In Election Year 2012, throughout the US, there’s a hue and cry for citizens’ (and non-citizens’) liberties and rights but no mention of citizen responsibilities. Translation: there is loud volume about “voters’ rights” (not to be devalued by requiring a photo ID to prove the voter is actually the person registered to vote). But, there isn’t even a whisper that — by casting individual ballots — voters have an irreversible responsibility in shaping our nation’s future. The best expression of that responsibility: the Catholic Church video “Test of Fire” when it states: “Your vote will affect the future and be recorded in eternity.”
For much too long the US has suffered the ACLU (American Civil Liberties Union) without a corresponding ACRU (American Citizens Responsibilities Union). The ACLU defends individuals’ (citizens and non-citizens) civil liberties to dissent, protest and weaken our nation’s fabric. An ACRU could strengthen the national fabric if enough citizens will accept and fulfill responsibilities commensurate with our liberties and rights.
Consider a citizen’s right to vote. The requirements for a U.S. born citizen to vote are: 18 years old; register to vote with the county or parish clerk; present the registration certificate and vote in the next election through whatever methods provided. No tests are required to determine an individual voter’s knowledge of US: history; Constitution; economics, including taxation and government spending.
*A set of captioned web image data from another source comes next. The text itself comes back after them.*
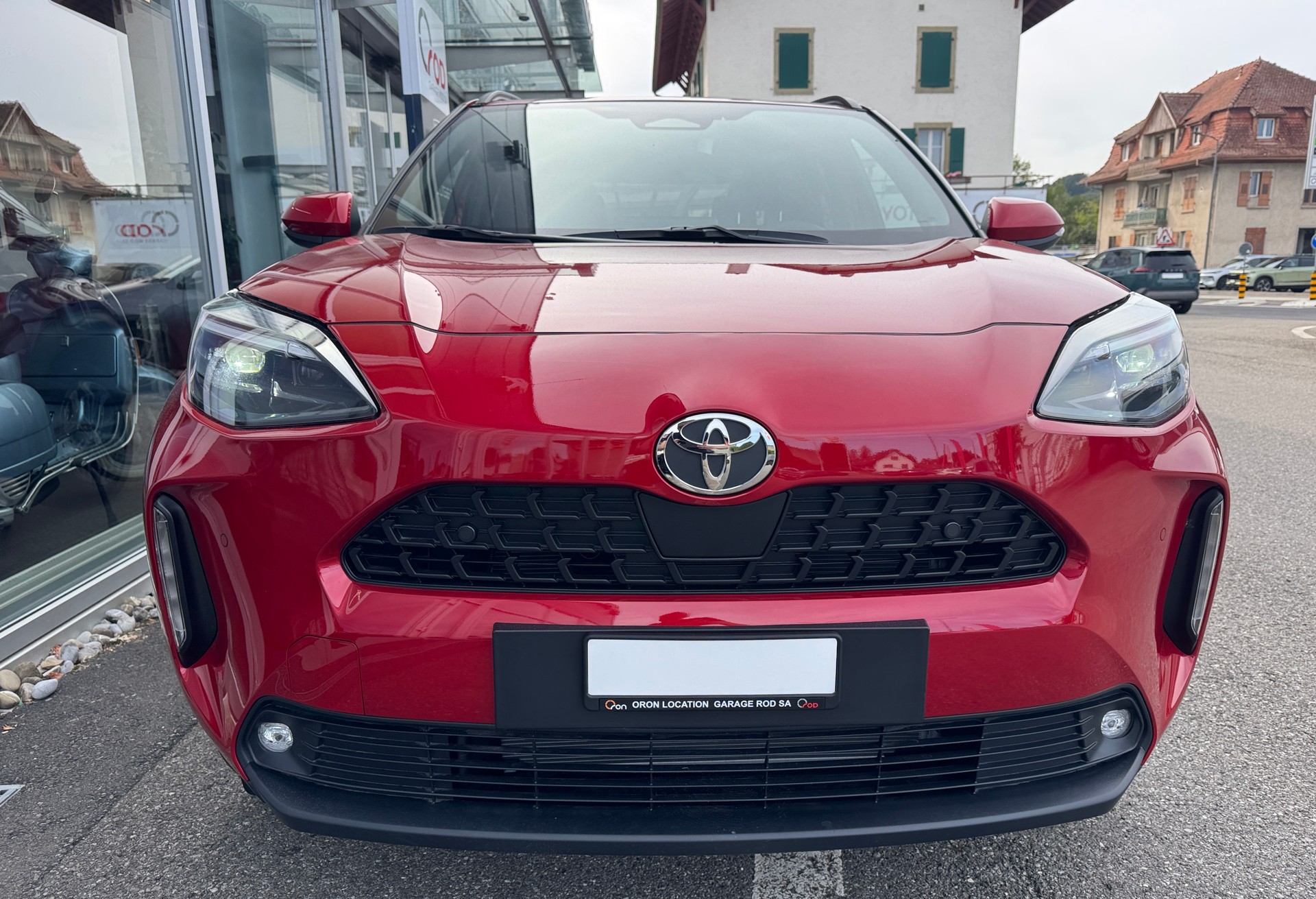 TOYOTA Yaris Cross 1.5 Trend e-CVT-image-1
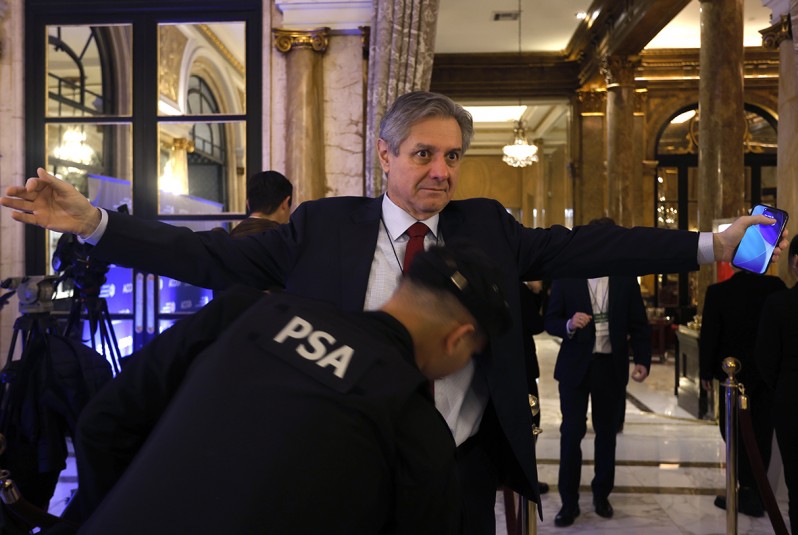 El momento en el que palpan de armas a José Luis Daza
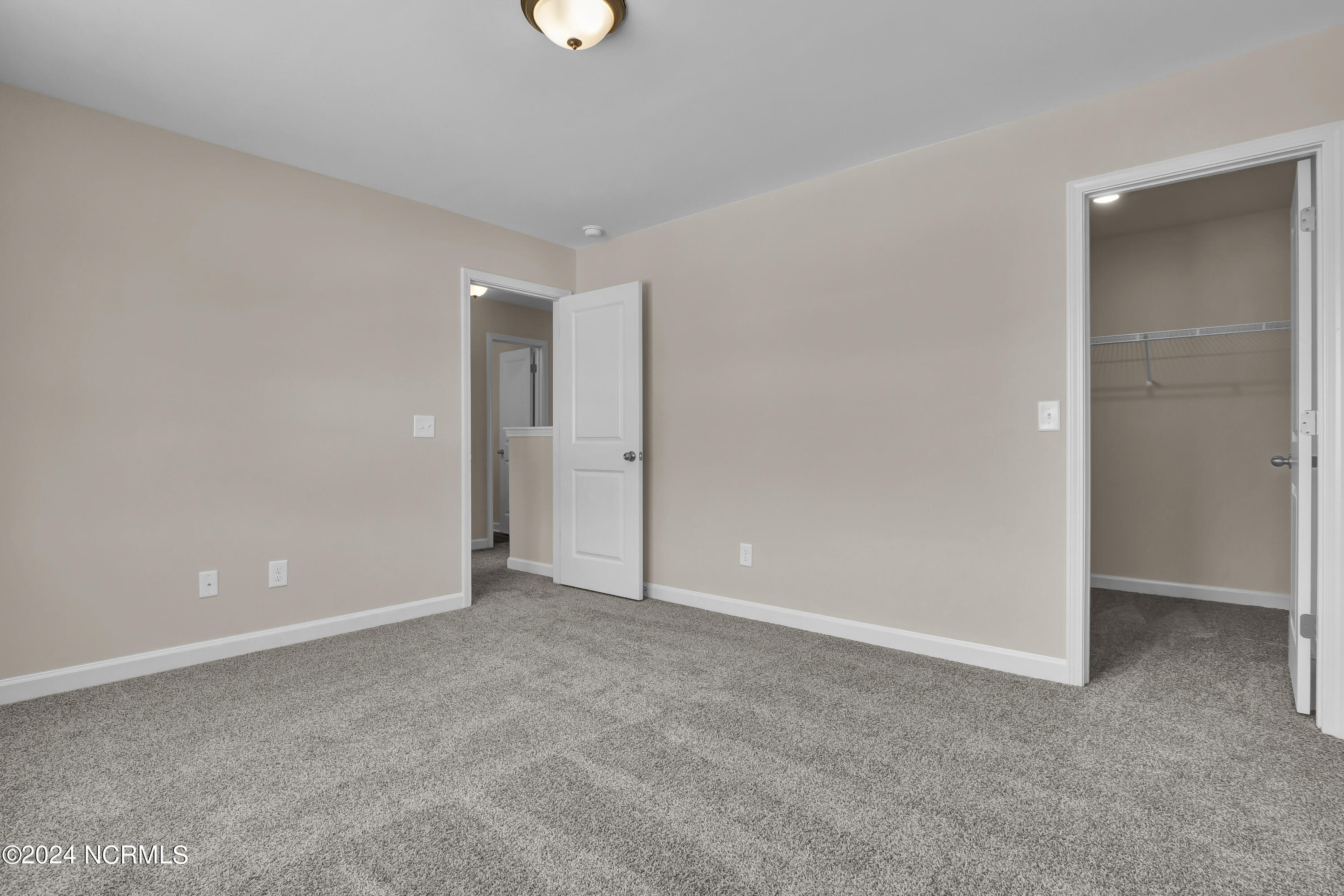 524 Orchard Creek Drive Property Photo 17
The DOJ opposes requiring voters to display a valid photo ID as proof the person voting is the one registered to vote.
On the other hand, applicants for U.S. citizenship must be prepared to answer 100 questions about US: history; Constitution; economics including taxation and government spending. Citizens born in the U.S. should be required to be at least one-tenth as knowledgeable about our nation as legal immigration citizenship applicants.
Why not place, on the 2012 election ballot a Constitutional Amendment to
- require each voter registration applicant to pass a test about the U.S Constitution, history and economics before qualifying to vote because the
- right to vote carries an equal responsibility for each voter to be informed about the U.S. Constitution, history and economics including annual budgets, taxation, deficit spending and the national deficit?
- A test, in English, will be administered to each voter registration applicant. Applicants must score 70% to qualify to vote in the next election. Those failing can re-apply before the next following election.
Following are 10 questions. These may not be the final questions but any fair minded, rational, unprejudiced individual must admit they are an excellent beginning.,
- In what year did the U.S. Declaration of Independence issue?
- From what nation did the U.S. declare its independence?
- What war resulted from the Declaration of Independence?
The U.S. Constitution
- The U.S. Constitution was drafted in what city and state?
- The first 10 amendments to the Constitution are known as:
- Name the three branches of government described in Articles 1, 2, and 3:
- Which branch of government has the power to declare war?
- Which branch of government has the power to levy taxes?
- The U.S. government can spend more money than it collects in taxes annually. True or False?
- U.S. national debt currently exceeds $10 trillion. True or False?